Image-caption web data
-- Opening Marker --
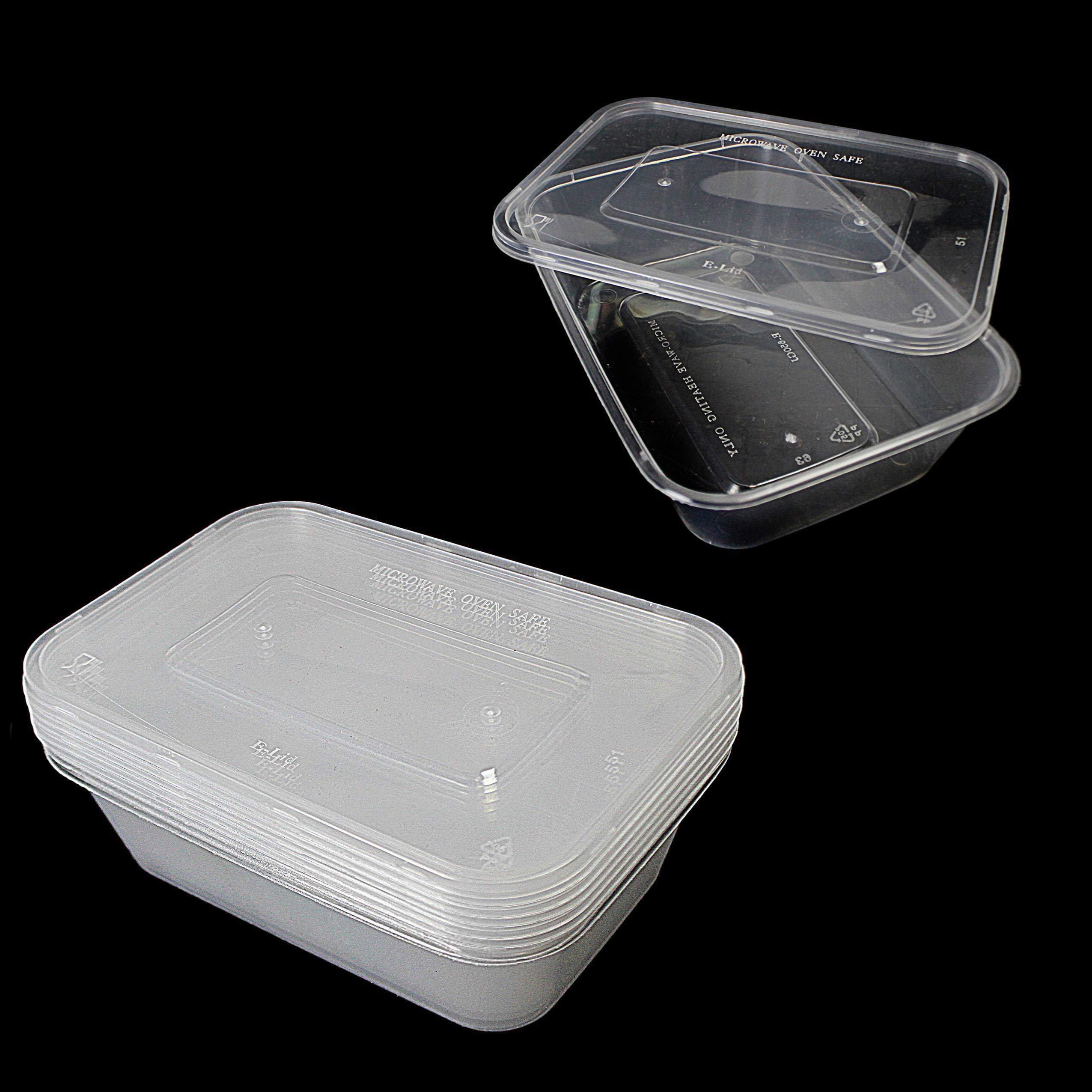 Plastic Food Takeaway Containers Oven and Microwave Safe 500ml 6 Pack 718338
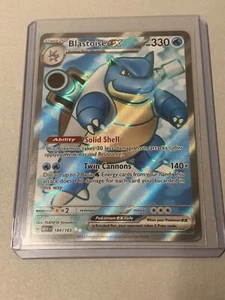 Blastoise EX Full Art 184/165 Scarlet Violet 151 (NM) US SELLER | OPEN TO OFFERS - Picture 1 of 10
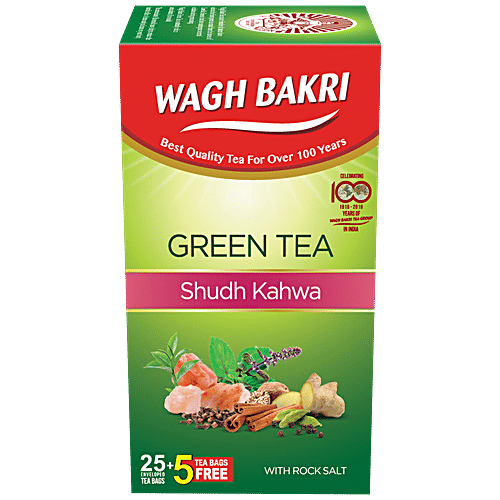 Buy Wagh Bakri Green Tea Shudh Kahwa, With Rock Salt Online at Best
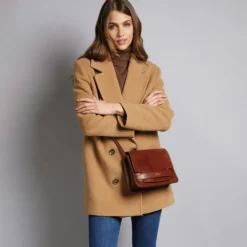 Borsa Donna a Tracolla Grande THE BRIDGE in Pelle Marrone linea Lucrezia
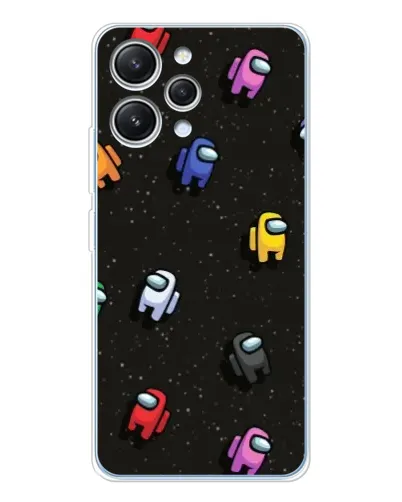 Чехол для Xiaomi Redmi 12 с картинкой «Космический паттерн Among Us»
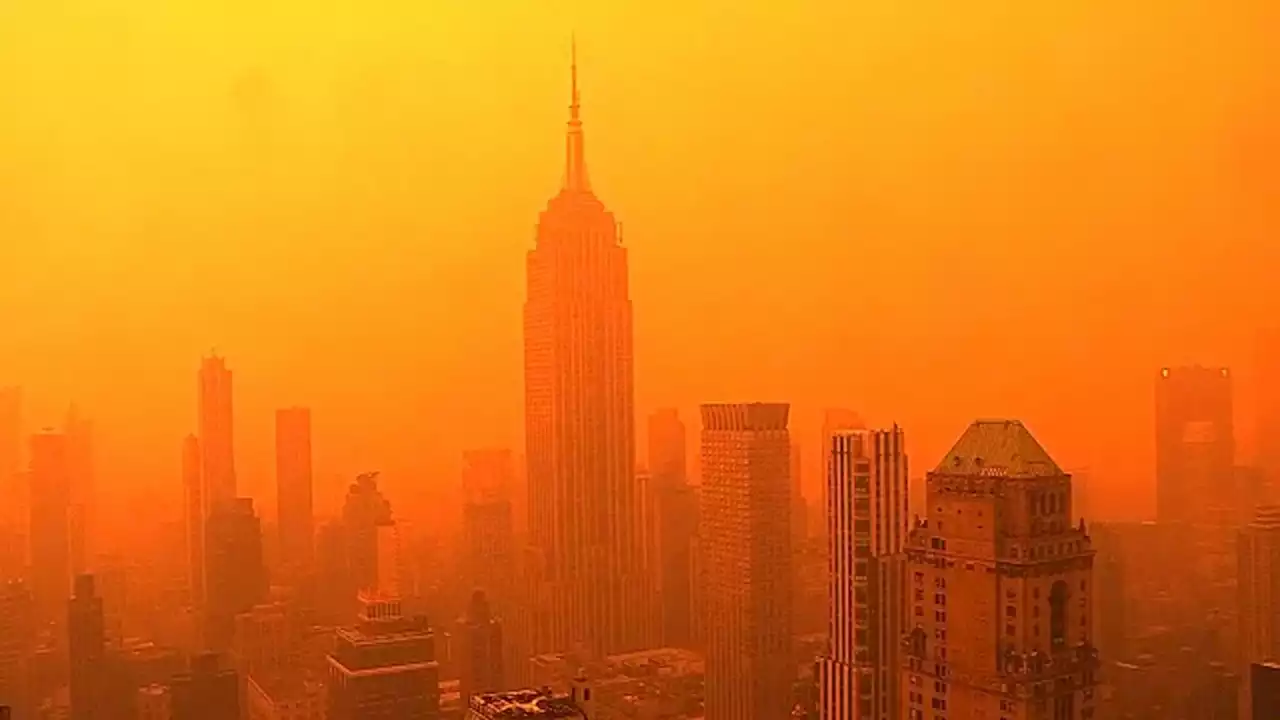 NYC air quality: FAA slows flight traffic in and out of airports due to smoke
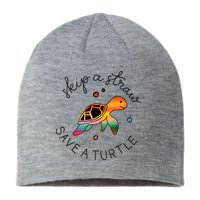 Skip A Straw Save A Turtle Gift Sustainable Beanie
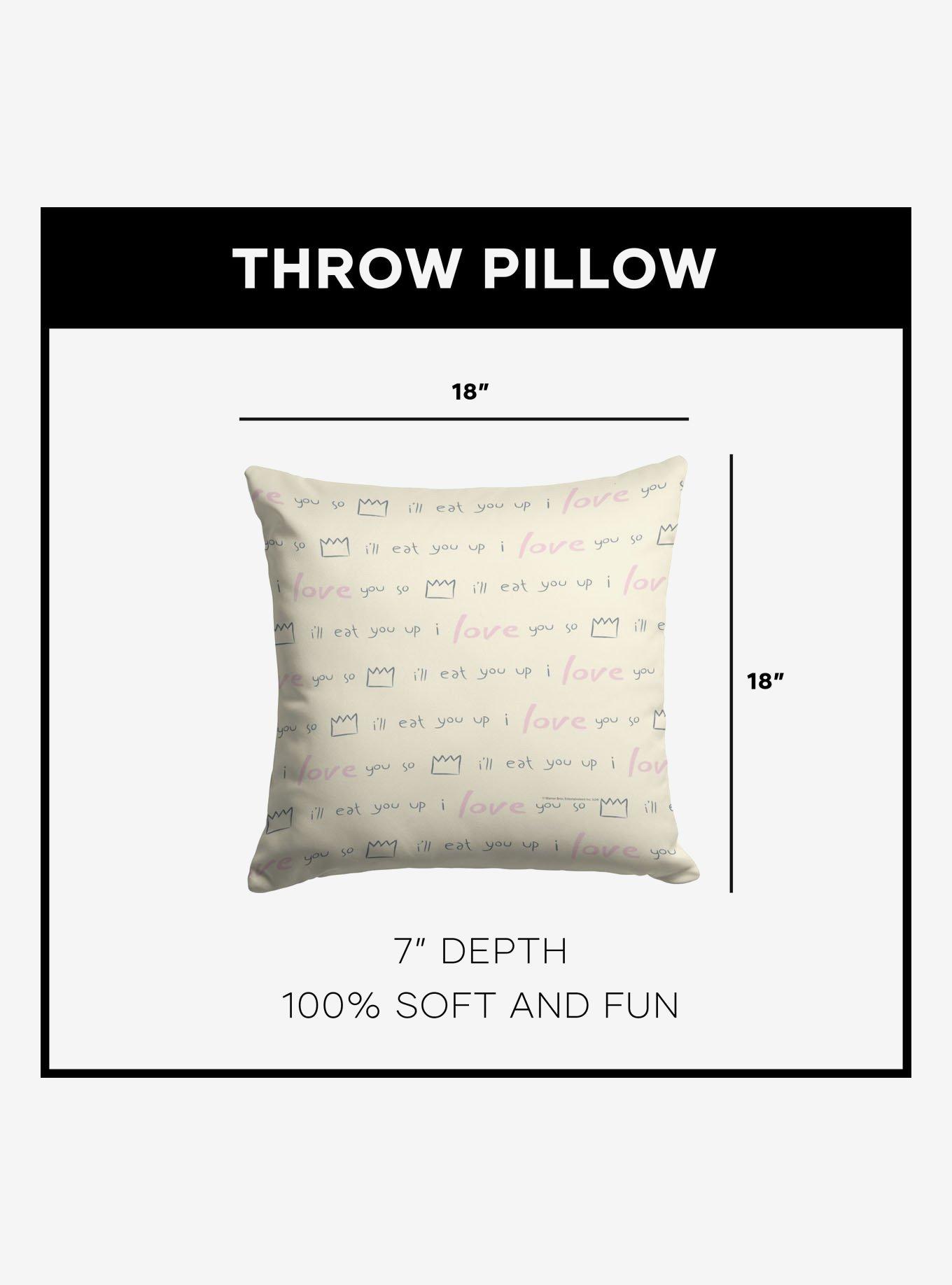 Where The Wild Things Are We'll Eat You Up Throw Pillow, , alternate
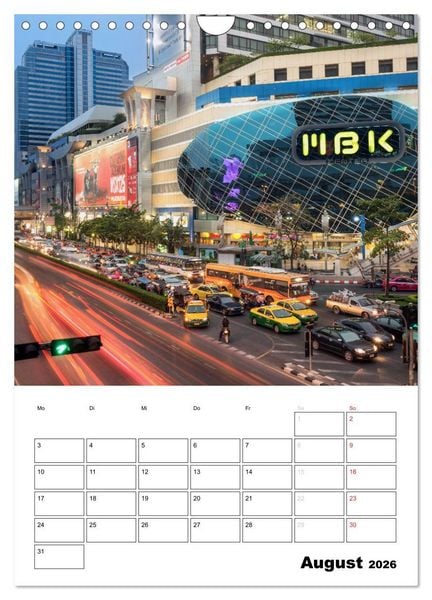 Produktbild: THAILAND - Mein Urlaubsplaner (Wandkalender 2026 DIN A4 hoch), CALVENDO Monatskalender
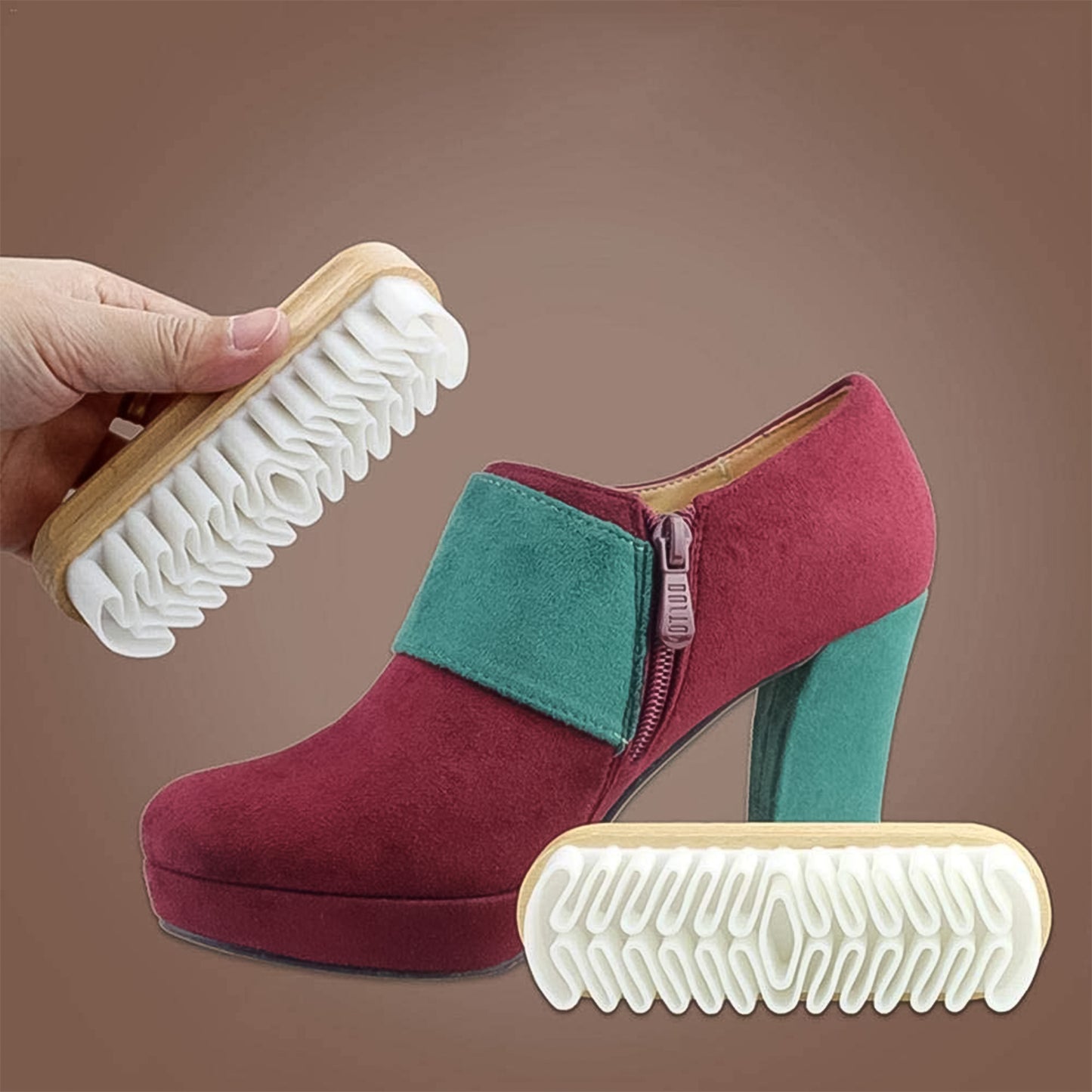 Shoe Cleaning Brush For Shoes Boot Rubber Brush (1 Pc) (X299)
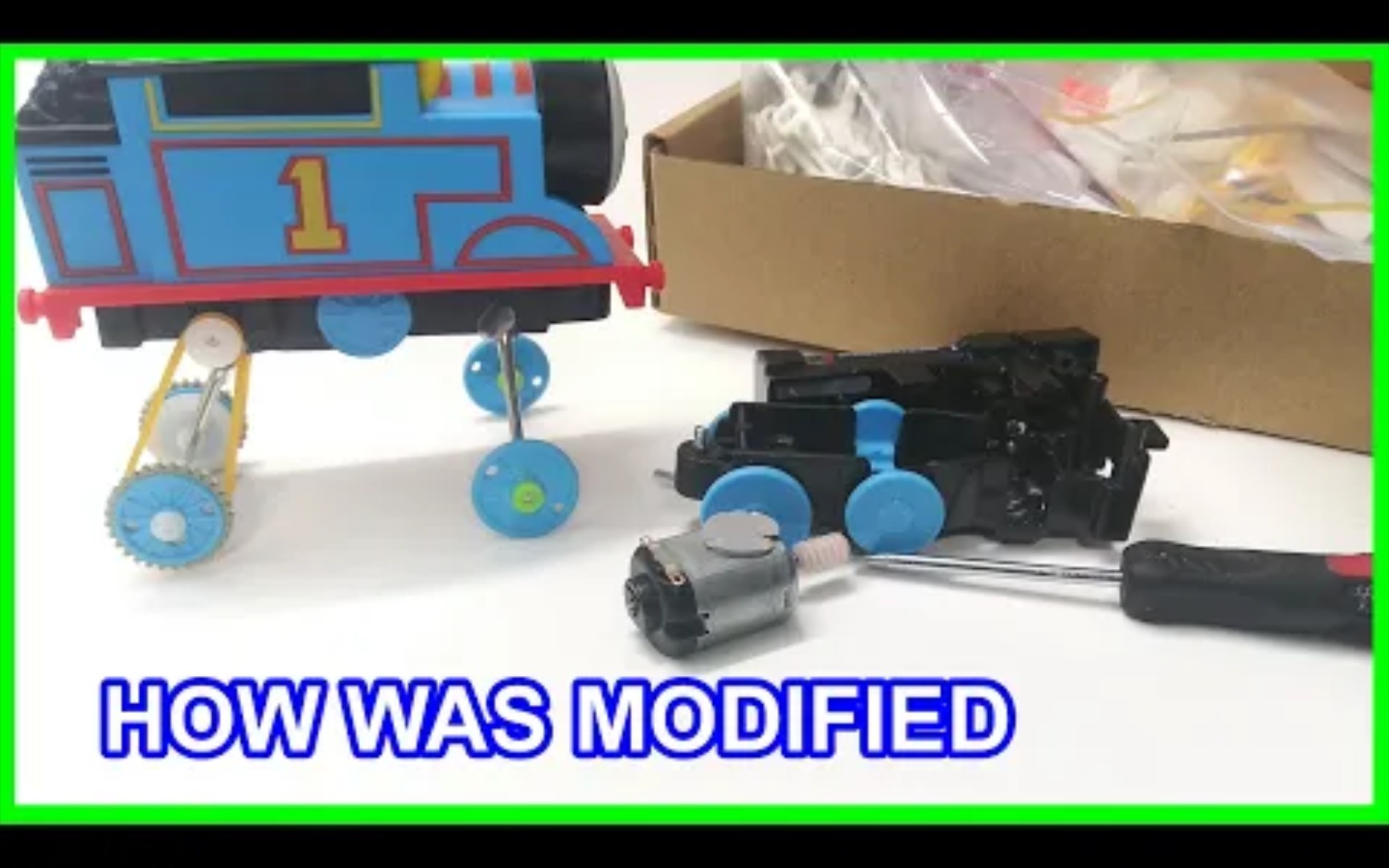 [图]How was modified, Trackmaster custom Thomas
-- Closing Marker --
• [Requirement] Every entry is to be reproduced word for word, and no image is carried over.

• [Solution for this problem]
 Plastic Food Takeaway Containers Oven and Microwave Safe 500ml 6 Pack 718338
 Blastoise EX Full Art 184/165 Scarlet Violet 151 (NM) US SELLER | OPEN TO OFFERS - Picture 1 of 10
 Buy Wagh Bakri Green Tea Shudh Kahwa, With Rock Salt Online at Best
 Borsa Donna a Tracolla Grande THE BRIDGE in Pelle Marrone linea Lucrezia
 Чехол для Xiaomi Redmi 12 с картинкой «Космический паттерн Among Us»
 NYC air quality: FAA slows flight traffic in and out of airports due to smoke
 Skip A Straw Save A Turtle Gift Sustainable Beanie
 Where The Wild Things Are We'll Eat You Up Throw Pillow, , alternate
 Produktbild: THAILAND - Mein Urlaubsplaner (Wandkalender 2026 DIN A4 hoch), CALVENDO Monatskalender
 Shoe Cleaning Brush For Shoes Boot Rubber Brush (1 Pc) (X299)
 [图]How was modified, Trackmaster custom Thomas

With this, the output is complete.